Re: per st_ops kfunc allow/deny mask. Was: [PATCH bpf-next v6 4/5] bpf: Make fs kfuncs available for SYSCALL program type
From: Song Liu
Date: Thu Jan 09 2025 - 15:50:23 EST
On Thu, Jan 9, 2025 at 11:24 AM Alexei Starovoitov
<alexei.starovoitov@xxxxxxxxx> wrote:
>
> On Mon, Dec 23, 2024 at 4:51 PM Juntong Deng <juntong.deng@xxxxxxxxxxx> wrote:
> >
> > >
> > > The main goal is to get rid of run-time mask check in SCX_CALL_OP() and
> > > make it static by the verifier. To make that happen scx_kf_mask flags
> > > would need to become KF_* flags while each struct-ops callback will
> > > specify the expected mask.
> > > Then at struct-ops prog attach time the verifier will see the expected mask
> > > and can check that all kfuncs calls of this particular program
> > > satisfy the mask. Then all of the runtime overhead of
> > > current->scx.kf_mask and scx_kf_allowed() will go away.
> >
> > Thanks for pointing this out.
> >
> > Yes, I am interested in working on it.
> >
> > I will try to solve this problem in a separate patch series.
> >
> >
> > The following are my thoughts:
> >
> > Should we really use KF_* to do this? I think KF_* is currently more
> > like declaring that a kfunc has some kind of attribute, e.g.
> > KF_TRUSTED_ARGS means that the kfunc only accepts trusted arguments,
> > rather than being used to categorise kfuncs.
> >
> > It is not sustainable to restrict the kfuncs that can be used based on
> > program types, which are coarse-grained. This problem will get worse
> > as kfuncs increase.
> >
> > In my opinion, managing the kfuncs available to bpf programs should be
> > implemented as capabilities. Capabilities are a mature permission model.

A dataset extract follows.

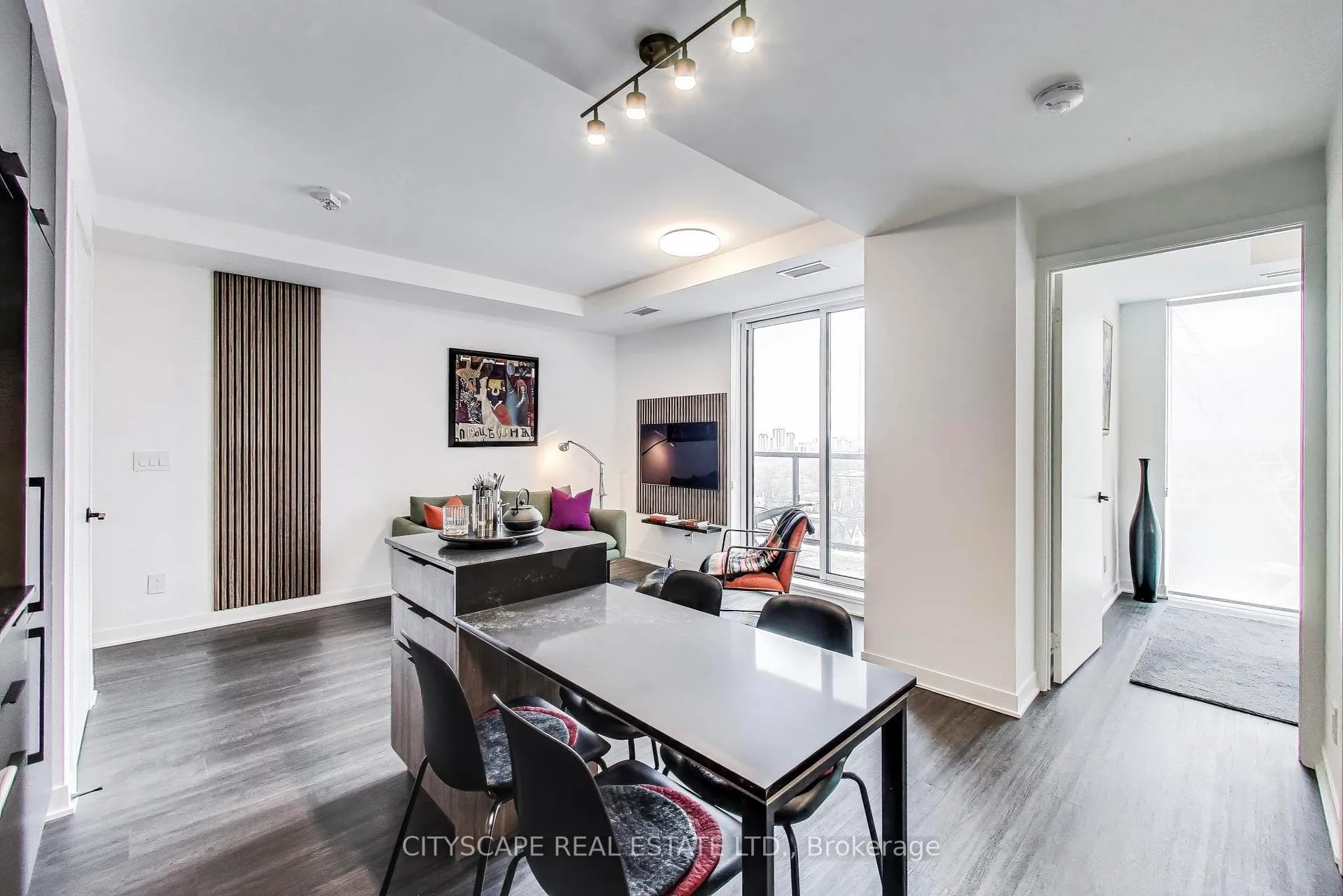 Photo 14 of Unit 1210, 185 Alberta Avenue, Toronto, Oakwood Village — HOMEH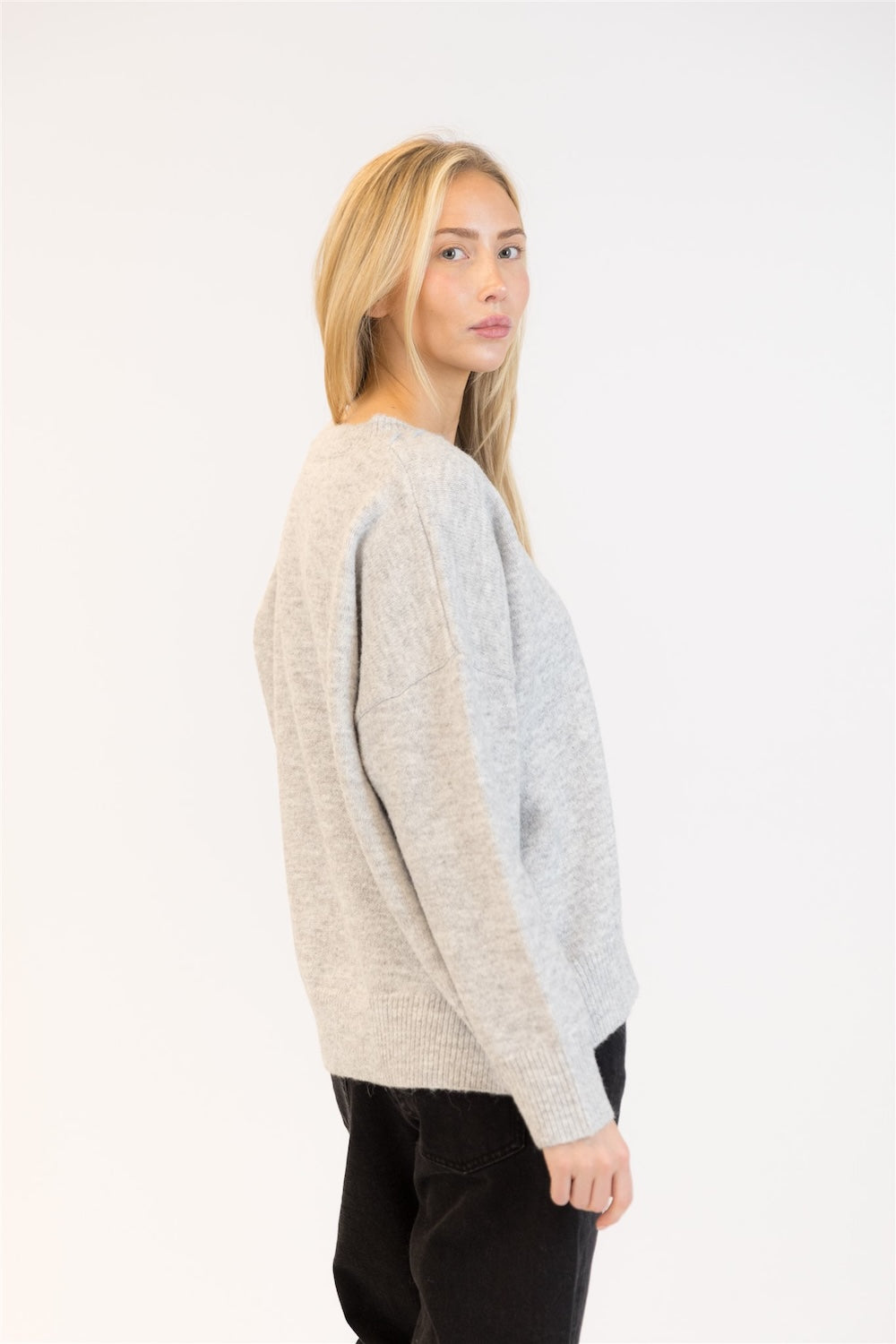 Lyla & Luxe Eco Heart Pullover - Light Grey/Blue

> > We can treat a set of kfuncs as a capability (like the various current
> > kfunc_sets, but the current kfunc_sets did not carefully divide
> > permissions).
> >
> > We should use separate BPF_CAP_XXX flags to manage these capabilities.

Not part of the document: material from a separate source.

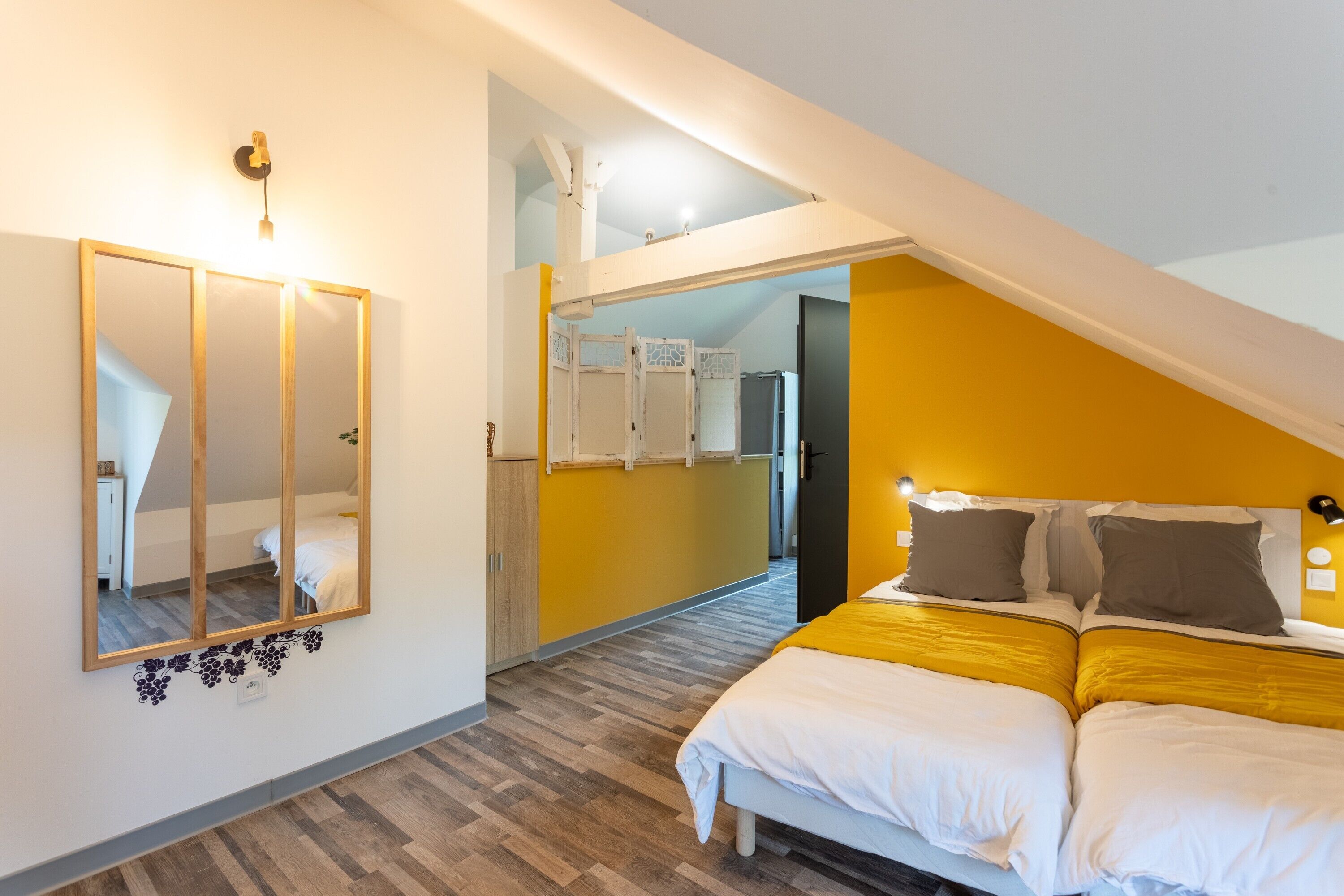 2 habitaciones, tabla de planchar con plancha y wifi gratis 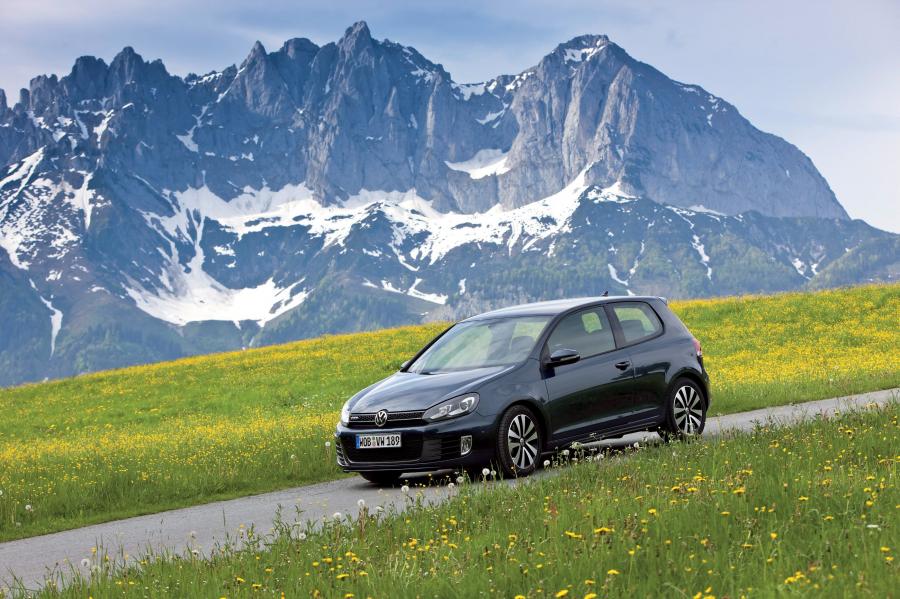  Volkswagen Golf GTD 2011 года  (фото 30 из 35)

> > For example, SCX may define BPF_CAP_SCX_DISPATCH.
> >
> > For program types, we should divide them into two levels, types and
> > subtypes. Types are used to register common capabilities and subtypes
> > are used to register specific capabilities. The verifier can check if
> > the used kfuncs are allowed based on the type and subtype of the bpf
> > program.
> >
> > I understand that we need to maintain backward compatibility to
> > userspace, but capabilities are internal changes in the kernel.
> > Perhaps we can make the current program types as subtypes and
> > add 'types' that are only used internally, and more subtypes
> > (program types) can be added in the future.
>
> Sorry for the delay.
> imo CAP* approach doesn't fit.
> caps are security bits exposed to user space.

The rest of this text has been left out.